A enumeração de intelectuais, artistas, criadores, que foram consumidos pelo bacilo de Koch encheria páginas. A tísica reinou soberana nos hagiológios com Santa Terezinha de Jesus, São Francisco de Assis, São Francisco de Borja, São Luiz Gonzaga, São Leopoldo e o recém beatificado José de Anchieta, e por que não citar o primeiro dos jesuítas Manuel da Nóbrega, que ao desenvolver sua missão evangelizadora disseminou o Bacilo de Koch entre os povos indígenas. Anchieta, em 1570, descreve os momentos finais ‘’permaneceu sempre achacado, com alternativas de melhoras e pioras; pelo mês de outubro voltaram-lhe as hemoptises; E com lágrimas nos disse “bendito sejais para sempre, que morro na Companhia, e lançando um pouco de sangue, com muita quietação, deu seu espírito ao Criador, no dia de São Lucas”.[1]
Nos palcos com Sarah Benhardt, Eleonora Duse, Clementina Cazzola, Vivian Leigh, grandes músicos como Chopin, Mozart, Pergolesi, Bellini, Rossini, Paganini, Grieg, Catalani; nos ateliês de pintura e escultura com Wateau, Rosales, David, Rafael, Drake; nos laboratórios de pesquisa, com o grande Laennec, que entendera que a febre dos corpos confundia-se com o fogo das paixões e a exacerbação dos desejos, e as aventuras amorosas intensas como produto e consequência da tísica  (Bertolli Filho); somam-se ainda, Graham Bell, Bichat, anatomista e cirurgião, baluarte da narrativa analítica no espírito do Século das Luzes, que lutou contra a teoria dos humores e estabelece a origem das doenças nos tecidos… Entre os reformadores religiosos, com Calvino, John Wesley.
A vasta lista de políticos, atravessando séculos, inclui Simon Bolívar, que passou grande parte da vida apresentando sinais e sintomas e faleceu de tuberculose. Grotescamente teve seu corpo exumado por determinação do comandante Hugo Chávez com a ideia persecutória de que teria sido envenenado, o que foi formalmente negado pelos exames genéticos feitos em sua ossada. Bolívar vivera com e morrera de tuberculose. Antônio Salazar e Alexander Kerensky foram igualmente portadores da doença.
Nelson Mandela e Desmond Tutu, ambos vítimas da tísica, o primeiro pelas condições insalubres de prisão, e o segundo contaminado em sua juventude, em país de alta prevalência, a África do Sul. Arautos da luta contra a doença, desde o advento da pandemia do vírus hiv e aids.

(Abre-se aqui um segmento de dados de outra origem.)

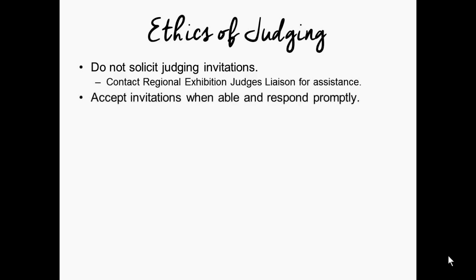You should accept all invitations when you are able and respond promptly. Even if you are unable to fulfill a request for your judging services, respond promptly so that judging chairs and show chairs can move in other directions to get their panels lined up. We would expect that all exhibition judges, if they are able, would accept all invitations that they are extended. It's a privilege to be invited and you have gone through the training to become accredited to help these shows be successful.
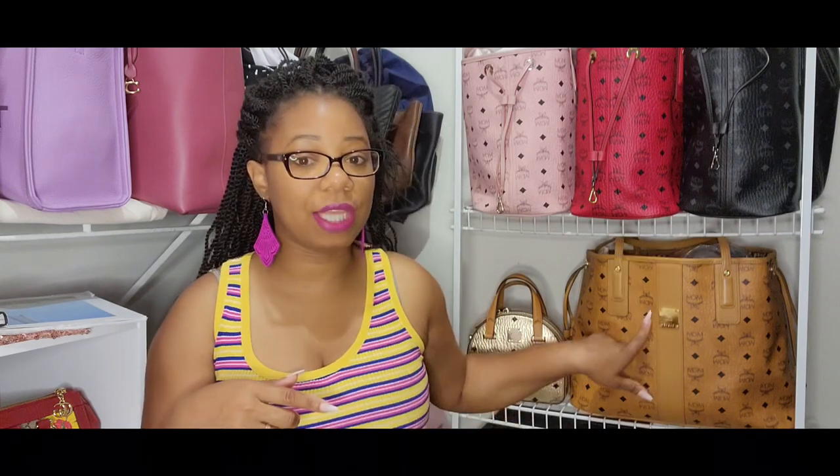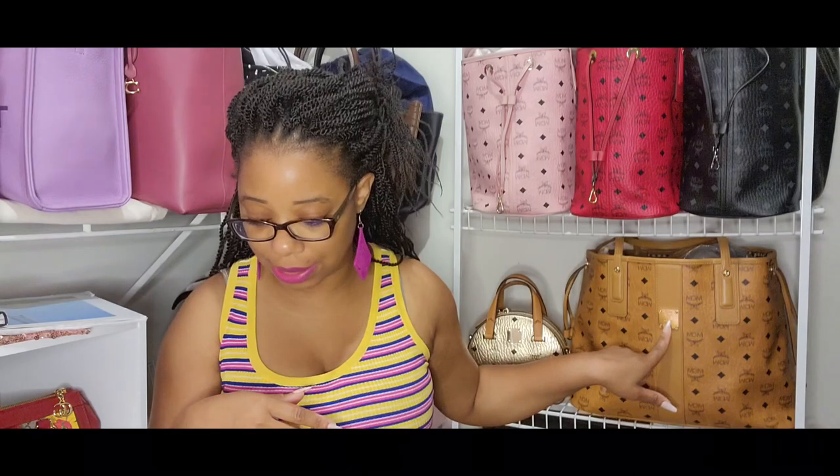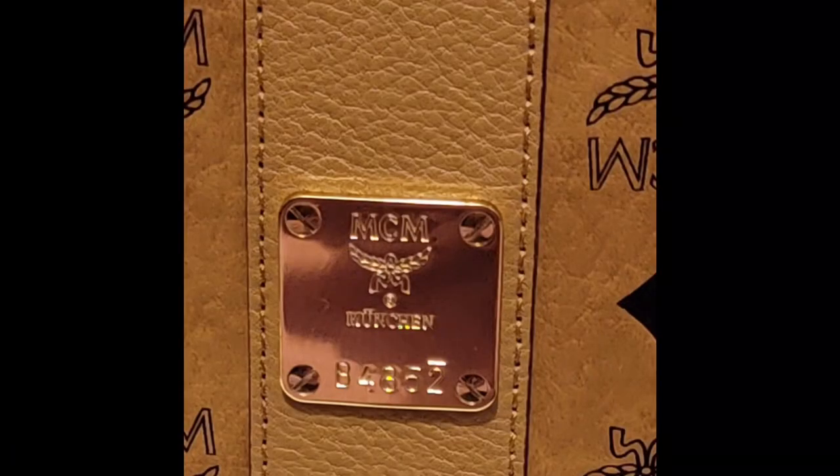In the 80s and 90s MCM was really known for their signature material called cognac visetos. When I was growing up, I automatically knew that material meant it was an MCM piece. MCM was also known for its brass plate found on all their items — as you can see here on the front — which holds a serial number unique to each item. Underneath the MCM logo there are also laurel leaves, a global symbol of victory, valor, and honor.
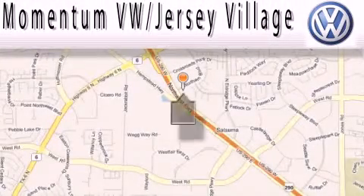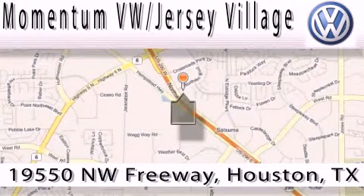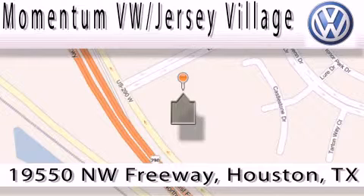Extreme low-pressure sales, extreme friendliness, and extreme fair pricing. That's Volkswagen of Jersey Village, a proud member of the largest dealer chain in Houston. Contact our internet department today or stop on by. We're easy to find — just take 290 West to the Eldridge Parkway exit.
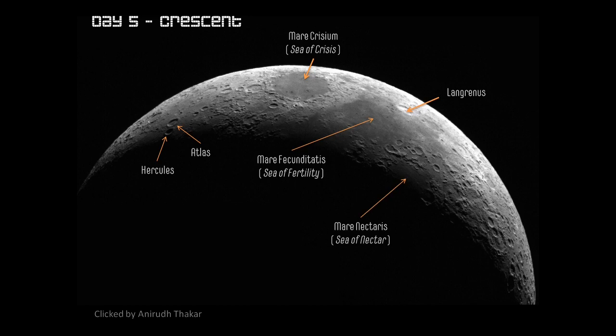We also have another sea becoming visible — the Sea of Nectar, or Mare Nectaris. It's more to the south and we'll talk more about it tomorrow. The Mare Australe, as you can see in this picture, is the sea towards the south side of the moon. This was not visible yesterday, but let's today look in a bit more detail at the south side.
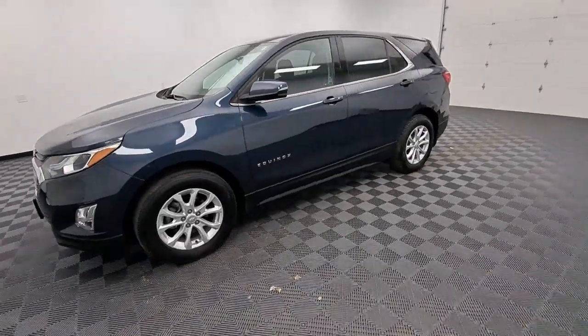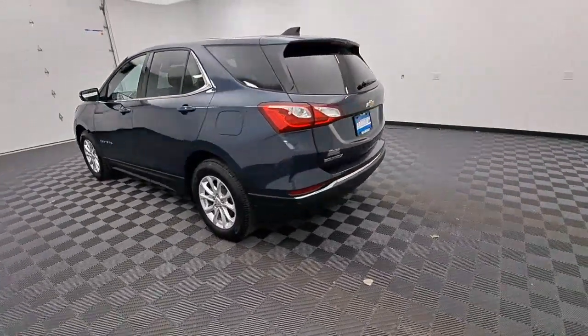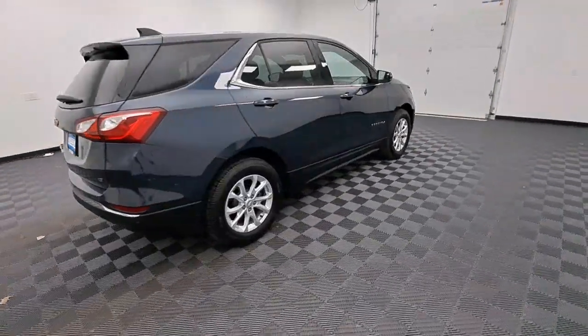Hop into the 2018 Chevrolet Equinox. With less than 10,000 miles on the odometer, this vehicle provides excellent value. Whether you're on a family road trip or doing the daily drive, the Equinox is your go-to vehicle.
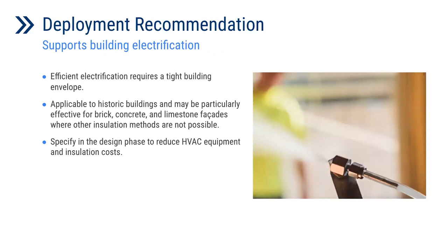I will conclude my presentation by providing some deployment recommendations on automated air sealing application. As efficient electrification requires a tight building envelope, automated air sealing can be the way to achieve that. Considering implementing automated air sealing technology at the design phase can be helpful to reduce both HVAC equipment and insulation costs. This system is also applicable to historic buildings and may be particularly effective for brick, concrete, and limestone façades where other insulation methods are not applicable.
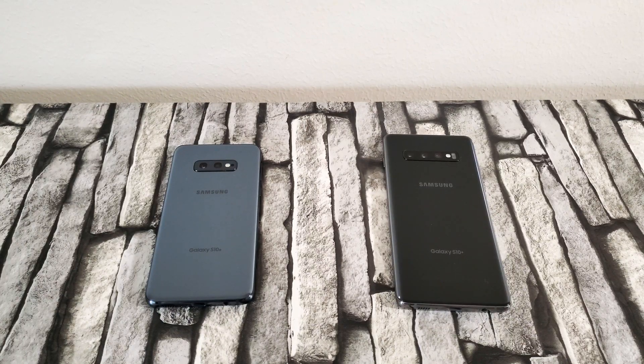Hey guys, welcome back to the channel, TechnoTalks. Today I'm going to be giving you my thoughts on which of these two devices you should buy as of right now: the Samsung Galaxy S10 Plus and the Samsung Galaxy S10e. I'm just going to go over the price, the camera, the screen resolution, and all that stuff, comparing them. At the end it's going to be your opinion, but I'm just going to give you my thoughts on which one you should buy.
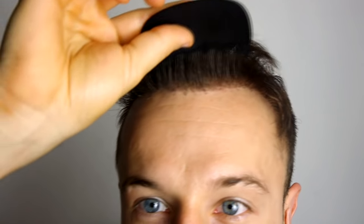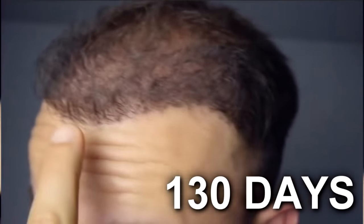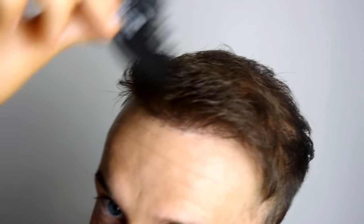Schauen wir uns nun die vordere Haarlinie an. Viele fragen: Hat sich da was getan seit dem 10. oder 12. Monat? Nicht so viel. Ich würde sagen, es ist fast gleich wie beim 10. oder 11. Monat – die Dichte ist nicht besser geworden. Jemand anderer kann eine andere Erfahrung haben. Bei mir war der Höhepunkt der Wachstums- und Verdichtungsphase irgendwo zwischen dem 8. und 10. Monat.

A corte portuguesa não fora indene à doença. Dom Pedro I (IV de Portugal) morria no palácio de Queluz, onde nascera, em 1834 dizimado pela doença. As dificuldades passadas nos campos de batalha em Portugal, o frio, o haviam enfraquecido. Abalada com a morte do marido, Dona Amélia se dedica à educação da única filha Dona Maria Amélia, que nascera em Paris, quando estavam no exílio, porém esta falece de tuberculose aos 22 anos, na Ilha da Madeira, para onde haviam partido na tentativa de buscar a cura para ela. Ainda existe em Funchal, o hospital por ela fundado em 1853, destinado ao tratamento da tuberculose, hoje instituição que serve aos moradores da ilha.
A tuberculose no Brasil
Começo com Bandeira. Manuel Bandeira, o poeta tísico, em sua própria designação, viveu até os 82 anos. Fez parte da estatística estimada no início do século passado: 50% morriam, 25% permaneciam doentes crônicos e 25% se curavam espontaneamente… Acometido em tenra idade, a longa enfermidade lhe deixara sequelas indeléveis. O Professor Aloysio de Paula, grande mestre tisiologista que o assistira por longos anos, descreveu, em conferência na Academia Nacional de Medicina, o que chamara de “doença da cura”, ou seja, a tuberculose se fora mas deixara um pulmão mutilado e fora de função.
 “Sou bem nascido. Menino,
Fui, como os demais, feliz.
Depois, veio o mau destino
E fez de mim o que quis.”    
Assim escreveu Bandeira.
Em carta a Mario de Andrade, de 1924, Bandeira diz: “hoje sou ironicamente, sarcasticamente tísico”. Nesse mesmo espirito irônico, trabalha a amargura e transpõe para versos, em “Pneumotórax” (Libertinagem, 1930)  o veredito de seu médico no Sanatório de Clavadel, na Suíça:
Febre, hemoptise, dispnéia e suores noturnos.
A vida inteira que podia ter sido e não foi.
Tosse, tosse, tosse.
Mandou chamar o médico:
–  diga trinta e três
– Trinta e três, trinta e três, trinta e três …
– Respire…
–  O senhor tem uma escavação no pulmão esquerdo e o direito infiltrado.
– Então doutor, não é possível tentar o pneumotórax ?
– Não, a única coisa a fazer é tocar um tango argentino.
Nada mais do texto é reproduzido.